Das werden wir sehen. Er befindet sich ja immer noch in einem Alter, in dem er nicht angelaufen kommt und mir von seinem Tag erzählt. (Wenn er das je tut) Er erzählt mir zwar, dass er geschlafen hat und gegessen. Und vielleicht auch, dass er gespielt hat und mit wem. Aber nicht, dass er bei den großen Kindern auf Besuch war. Die sind nämlich eine Etage über ihm angesiedelt und seit einem Monat geht er fast täglich für eine Weile hinauf um sich dort „umzuschauen“.
Und weil er mir das nicht erzählt, weiß ich auch nicht, wie es ihm da gefällt. Da oben. Bei den „Lemon Trees“. Und weil ich das nicht weiß, weiß ich auch nicht, wie ich ihn bestmöglich unterstützen kann.
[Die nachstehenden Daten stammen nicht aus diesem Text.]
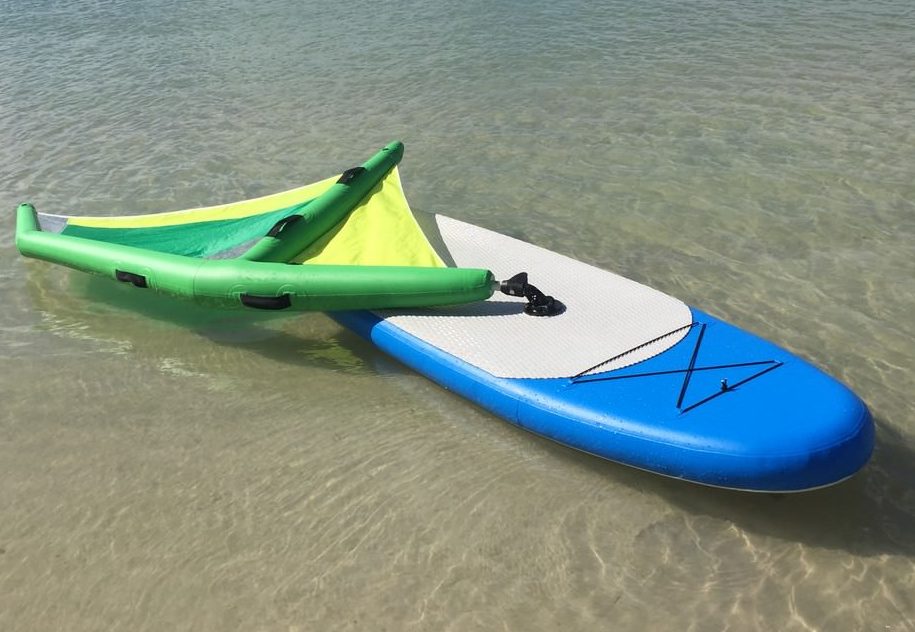 Manufacturer demo of inflatable paddle board with windsurfing sail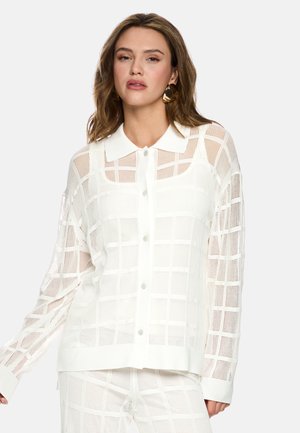 Woman wearing white button-up shirt with grid pattern mesh over matching pants, paired with large gold hoop earrings.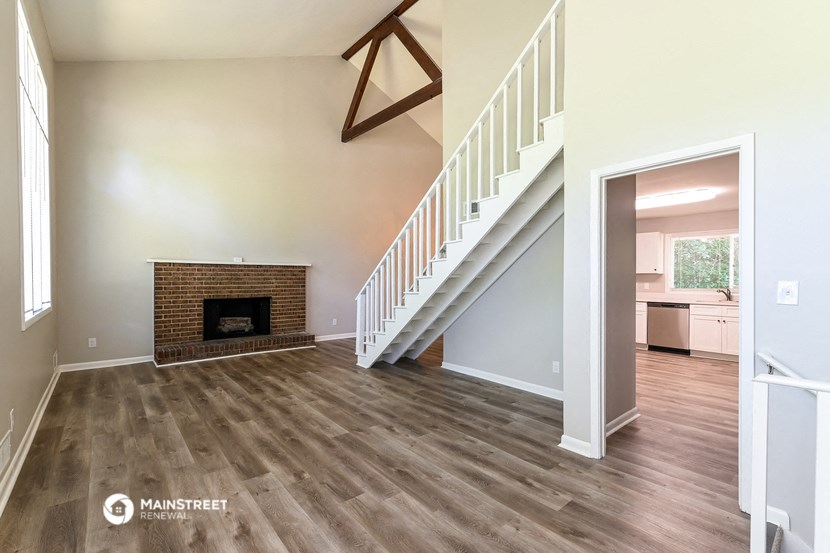 an empty living room with a fireplace and a staircase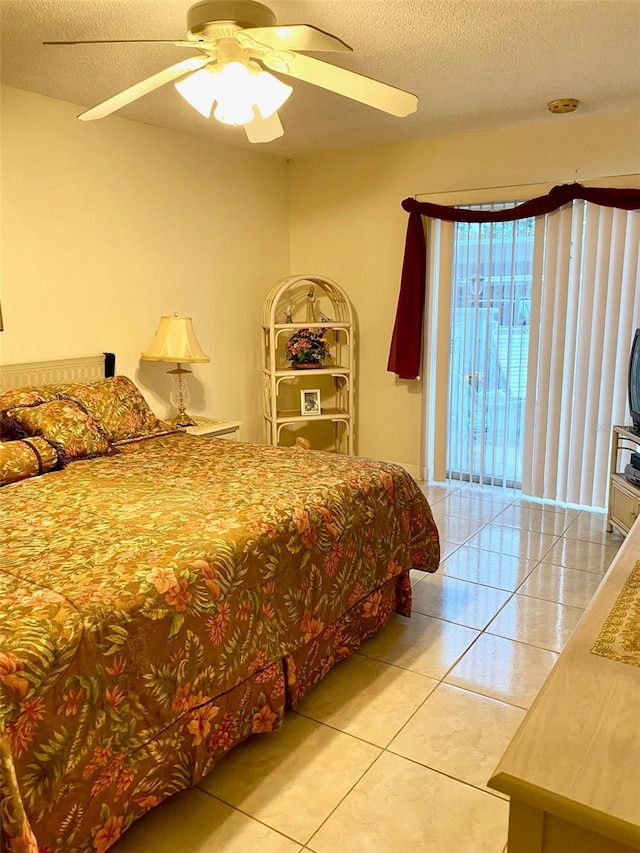 bedroom featuring a ceiling fan, a textured ceiling, and light tile patterned floors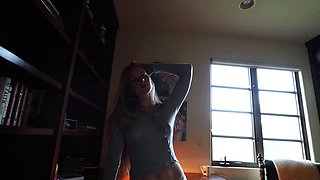 Stunning young babe performs slow and sensual striptease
Ich will ihm keinen Druck machen, auch wenn der im Raum steht. Denn ab 3. Jänner gibt es kein zurück. Da gibt es keine Besuche mehr und dann die Rückkehr in den sicheren Hafen der Krippe. Wo er sich auskennt. Die Abläufe weiß. Jedes Kind beim Namen nennen kann. Ab 3. Jänner ist er ein Lemon Tree und beginnt und endet den Tag umgeben von 40 anderen Kindern. Fast alle älter als er.

Ob mir das gefällt, dass er keine Möglichkeit hat in den sicheren Hafen zeitweise zurückzukehren weiß ich nicht. Es spielt auch keine Rolle mehr. Was gilt ist ihn bestmöglich zu stärken und für ihn da zu sein.

Auf Nachdruck durfte ich nun endlich die Pädagoginnen kennenlernen. Nun – zumindest 2 von 6. So dass ich wenigstens Namen habe, die ich ins Gespräch einbringen kann. Ein wenig Glück habe ich, dass ich im Mutterschutz bin und ihn die ersten Tage gut auffangen kann. Dass ich ihn jederzeit abholen kann, wenn es ihm zu viel wird. Und er sich so langsam eingewöhnen kann. In seinem Tempo. So, wie er es bisher gewohnt war.

Denn auch wenn es nur ein kurzer Umzug im gleichen Haus ist, so ist es eine massive Veränderung. Doppelt so viele Kinder. Fast doppelt so viele Pädagoginnen. Komplett neue Umgebung und neues Material. Ein neuer Tagesablauf.
Wenn wir bedenken wie schwer wir uns bei einem Jobwechsel tun, so wird uns vielleicht ein wenig bewusster, wie es so einem kleinen Menschen gehen muss. Der noch nicht alles einfach artikulieren kann, wenn er sich nicht auskennt. Der nicht einfach abends aufs Sofa fällt und sich denkt: „Naja, in ein paar Tagen oder Wochen werde ich mich schon eingelebt haben.“
Wir glauben oft „Kinder sind anpassungsfähig“ und „flexibel“. Das stimmt – so wir sie denn auf Veränderungen vorbereiten und ihnen Zeit geben, sich mit dem Gedanken zu befassen. Es bedeutet nicht, dass wir sie einfach vor vollendete Tatsachen stellen und erwarten, dass sie diese so akzeptieren, wie wir uns das vorstellen.
Also kann ich nur versuchen Herrn Klein daheim die nötige Kontinuität zu bieten. Die Routine, die er kennt und die ihm Sicherheit gibt. So lange, bis das nächste Großereignis ansteht.

Wir sind gespannt. Aber heute heißt es erst einmal Abschied nehmen und Danke sagen. Danke an die Pädagoginnen, die ihn die letzten 1,5 Jahre begleitet haben.

Und alles weitere sehen wir dann im Jänner.